Sunday, September 8, 2013

If Only I Could, Surely I Would

If only I could, surely I would...

Eskimo roll reliably. According to John Lull (author of “Sea Kayaking Safety and Rescue”) learning to eskimo roll requires “commitment, concentration and relaxation.” Off and on, more on than off lately, I've been working on getting a reliable eskimo roll and I would say that, in addition to commitment, concentration and relaxation, a high tolerance for frustration is required.

I think I have now spent almost as much time hanging upside down in my kayak as I have spent right side up (O.K., maybe a little less), a commensurate amount of time teetering on the brink between right side up and upside down (usually ending upside down), and, a fair bit of time swimming a boat full of water to shore and emptying it out; and still a reliable roll eludes me.

It's not that many days ago that I had my “best day ever” when I hit four rolls out of five in the morning and again in the afternoon, and thought – well hoped more than thought - that I might have turned some proverbial corner where my rolls would suddenly become more reliable. But, two days later, feeling nervous that I couldn't repeat such a high point, I doomed myself to at least an equal number of failures as successes.

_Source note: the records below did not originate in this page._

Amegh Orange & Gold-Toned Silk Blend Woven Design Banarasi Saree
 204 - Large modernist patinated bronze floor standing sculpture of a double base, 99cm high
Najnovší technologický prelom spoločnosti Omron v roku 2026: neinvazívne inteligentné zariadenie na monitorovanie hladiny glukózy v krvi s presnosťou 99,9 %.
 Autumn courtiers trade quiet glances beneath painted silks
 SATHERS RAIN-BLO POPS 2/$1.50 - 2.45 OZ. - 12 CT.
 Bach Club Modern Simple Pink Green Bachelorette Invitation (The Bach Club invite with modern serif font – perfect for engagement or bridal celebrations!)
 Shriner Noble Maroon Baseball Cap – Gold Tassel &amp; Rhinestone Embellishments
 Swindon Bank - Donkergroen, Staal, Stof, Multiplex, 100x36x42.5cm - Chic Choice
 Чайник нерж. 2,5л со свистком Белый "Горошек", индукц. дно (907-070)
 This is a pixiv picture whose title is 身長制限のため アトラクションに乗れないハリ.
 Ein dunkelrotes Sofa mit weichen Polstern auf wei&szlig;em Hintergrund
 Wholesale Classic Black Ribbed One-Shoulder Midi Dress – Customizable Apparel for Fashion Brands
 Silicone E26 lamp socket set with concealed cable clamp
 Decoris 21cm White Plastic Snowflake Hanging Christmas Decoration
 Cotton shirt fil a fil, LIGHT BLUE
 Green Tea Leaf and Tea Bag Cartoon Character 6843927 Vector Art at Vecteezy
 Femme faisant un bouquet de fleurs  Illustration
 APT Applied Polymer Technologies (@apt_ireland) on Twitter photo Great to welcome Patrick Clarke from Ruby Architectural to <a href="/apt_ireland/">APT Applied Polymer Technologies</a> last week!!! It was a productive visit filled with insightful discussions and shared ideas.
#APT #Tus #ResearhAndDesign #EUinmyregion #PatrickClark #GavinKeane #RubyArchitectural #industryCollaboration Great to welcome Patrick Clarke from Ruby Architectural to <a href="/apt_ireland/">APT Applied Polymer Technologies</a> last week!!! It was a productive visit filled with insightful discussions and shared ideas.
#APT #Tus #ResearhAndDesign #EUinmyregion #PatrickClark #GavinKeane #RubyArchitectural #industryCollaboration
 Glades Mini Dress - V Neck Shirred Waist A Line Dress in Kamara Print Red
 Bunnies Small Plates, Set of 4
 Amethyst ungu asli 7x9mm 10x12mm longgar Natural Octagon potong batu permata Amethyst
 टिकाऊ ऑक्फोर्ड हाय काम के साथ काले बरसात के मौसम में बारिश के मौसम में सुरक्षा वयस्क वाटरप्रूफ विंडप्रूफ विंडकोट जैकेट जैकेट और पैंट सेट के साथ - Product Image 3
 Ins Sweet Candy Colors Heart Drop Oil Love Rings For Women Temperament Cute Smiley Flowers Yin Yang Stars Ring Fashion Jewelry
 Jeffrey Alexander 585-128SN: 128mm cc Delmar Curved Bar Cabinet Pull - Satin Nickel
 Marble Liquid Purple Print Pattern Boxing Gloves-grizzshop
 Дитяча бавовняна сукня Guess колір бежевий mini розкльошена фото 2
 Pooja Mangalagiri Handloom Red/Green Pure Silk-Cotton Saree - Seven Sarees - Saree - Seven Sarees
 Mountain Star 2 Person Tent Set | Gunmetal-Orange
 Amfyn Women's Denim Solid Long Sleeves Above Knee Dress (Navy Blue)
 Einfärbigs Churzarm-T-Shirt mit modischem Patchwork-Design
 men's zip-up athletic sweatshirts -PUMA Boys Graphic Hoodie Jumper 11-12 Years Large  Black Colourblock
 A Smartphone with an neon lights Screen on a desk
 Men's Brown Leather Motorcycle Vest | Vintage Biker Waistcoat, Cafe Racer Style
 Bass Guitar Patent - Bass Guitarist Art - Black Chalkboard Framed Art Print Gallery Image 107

Sometimes, very little seems to separate the successes from the failures – a head that rises a bit too soon, a sweep a little foreshortened, just a minor tweak of the procedure and the entire enterprise fails. And then, there are those moments when it all comes together and seemingly without effort, the kayak is right side up, sometimes righted with such vigour that you almost capsize over the other side.

Unlike climbing or skiing where you can cheat a little bit (come on, we've all pulled on a draw occasionally, or side-slipped unglamorously down a steep slope) you really can't fake an eskimo roll – either you are up or you're not. There's no middle ground.